▸ **WHAT YOU NEED TO DO**:
Only the lines from the beginning of the data through the line holding "04逐桩坐标表.dwg" belong in the answer, printed exactly and without pictures.
*** INFORMATION SUPPLIED Section Begins ***
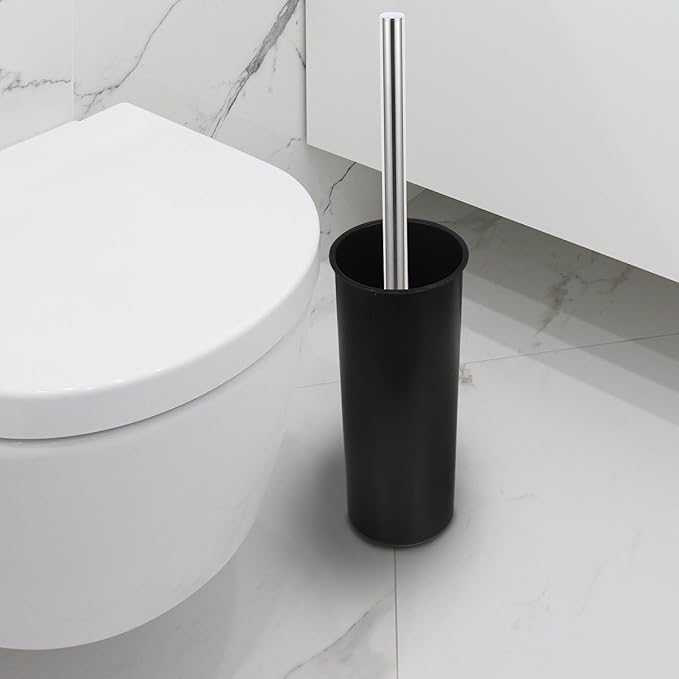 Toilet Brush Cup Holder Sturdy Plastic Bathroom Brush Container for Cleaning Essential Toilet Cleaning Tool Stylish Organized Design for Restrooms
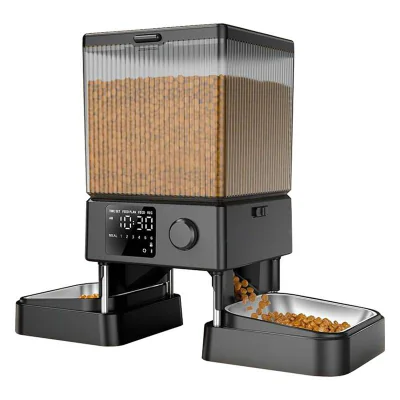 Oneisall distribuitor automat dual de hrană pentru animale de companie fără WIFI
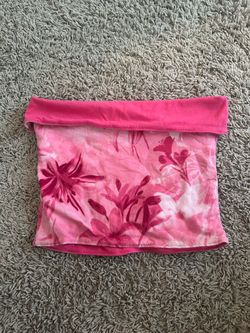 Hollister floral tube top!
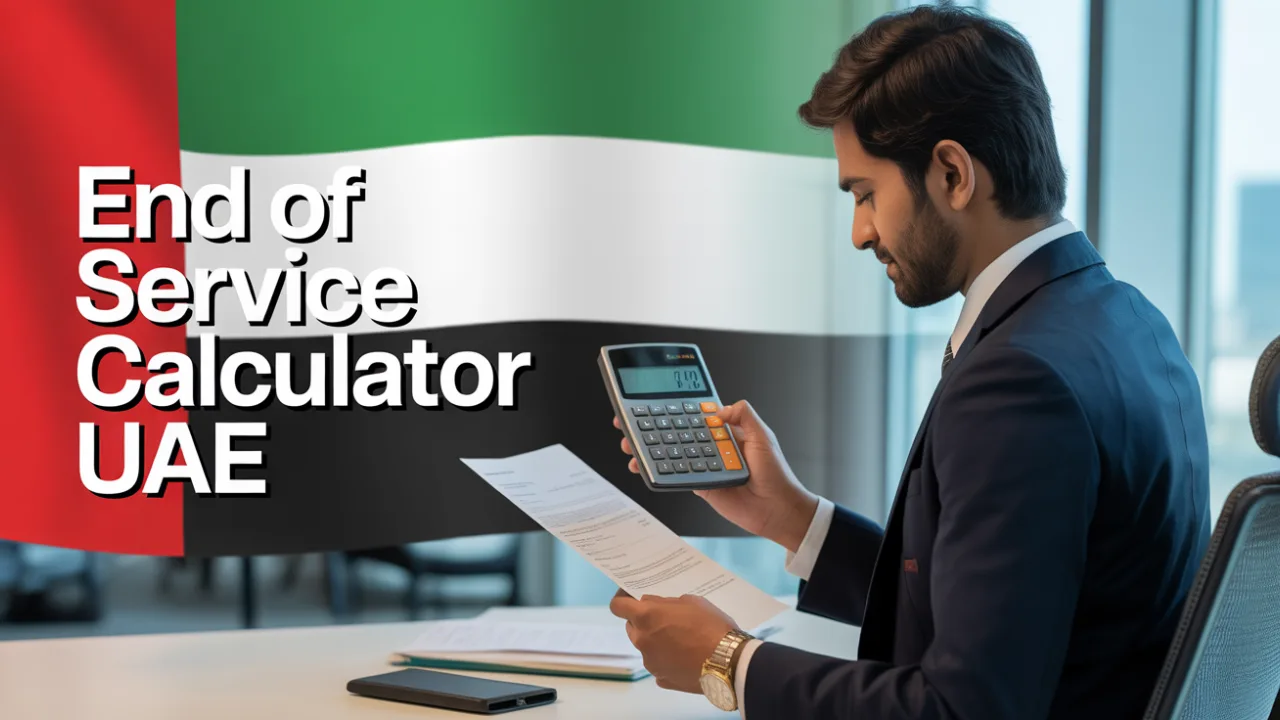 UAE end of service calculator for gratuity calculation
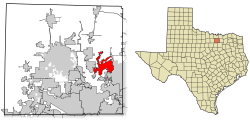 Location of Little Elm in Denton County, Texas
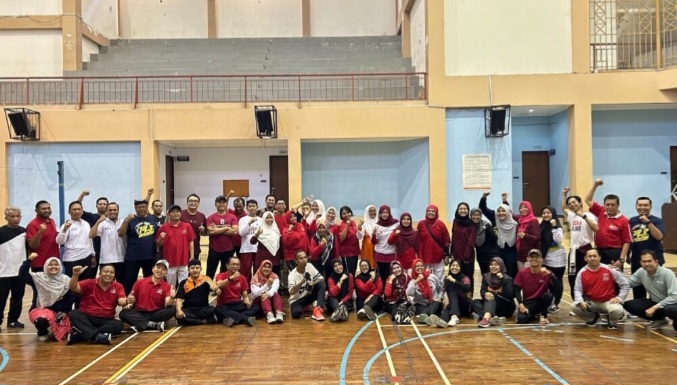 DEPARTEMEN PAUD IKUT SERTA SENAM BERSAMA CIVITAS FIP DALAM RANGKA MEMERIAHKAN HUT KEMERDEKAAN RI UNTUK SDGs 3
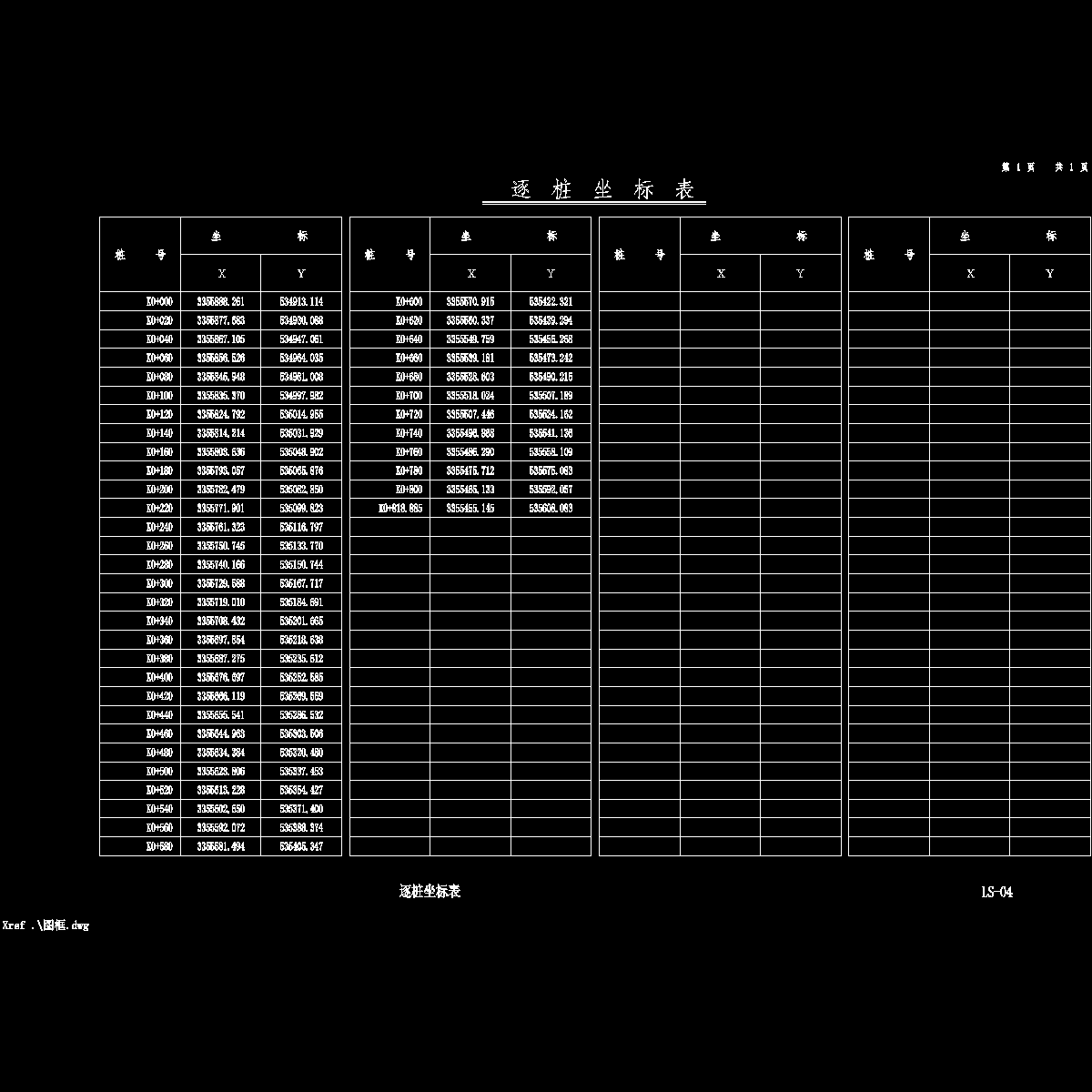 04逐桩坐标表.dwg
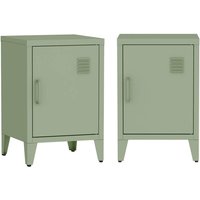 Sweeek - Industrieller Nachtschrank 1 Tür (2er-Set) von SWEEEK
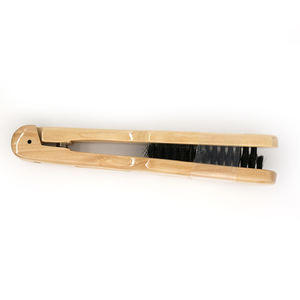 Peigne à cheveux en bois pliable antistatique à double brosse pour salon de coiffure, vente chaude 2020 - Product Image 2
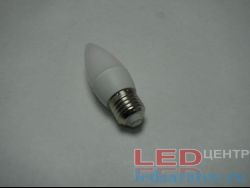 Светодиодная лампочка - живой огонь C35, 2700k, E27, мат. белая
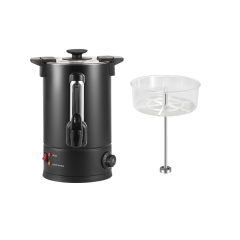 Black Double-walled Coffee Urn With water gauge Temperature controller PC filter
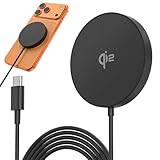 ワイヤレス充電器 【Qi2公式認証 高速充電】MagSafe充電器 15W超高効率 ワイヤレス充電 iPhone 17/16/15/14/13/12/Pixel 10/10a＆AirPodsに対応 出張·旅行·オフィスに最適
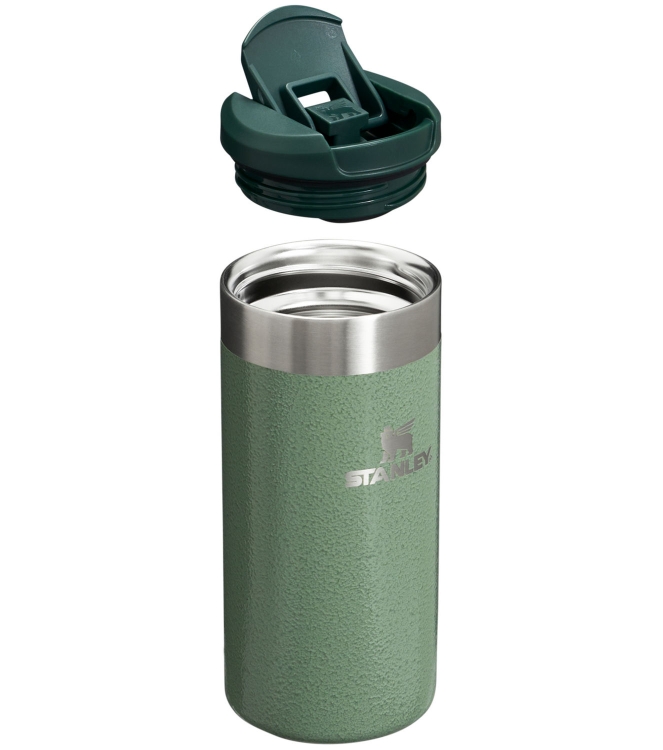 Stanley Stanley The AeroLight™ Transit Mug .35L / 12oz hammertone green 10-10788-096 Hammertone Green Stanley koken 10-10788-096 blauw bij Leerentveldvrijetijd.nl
*** INFORMATION SUPPLIED Section Ends ***
▸ **THE COMPLETED TASK**:
 Toilet Brush Cup Holder Sturdy Plastic Bathroom Brush Container for Cleaning Essential Toilet Cleaning Tool Stylish Organized Design for Restrooms
 Oneisall distribuitor automat dual de hrană pentru animale de companie fără WIFI
 Hollister floral tube top!
 UAE end of service calculator for gratuity calculation
 Location of Little Elm in Denton County, Texas
 DEPARTEMEN PAUD IKUT SERTA SENAM BERSAMA CIVITAS FIP DALAM RANGKA MEMERIAHKAN HUT KEMERDEKAAN RI UNTUK SDGs 3
 04逐桩坐标表.dwg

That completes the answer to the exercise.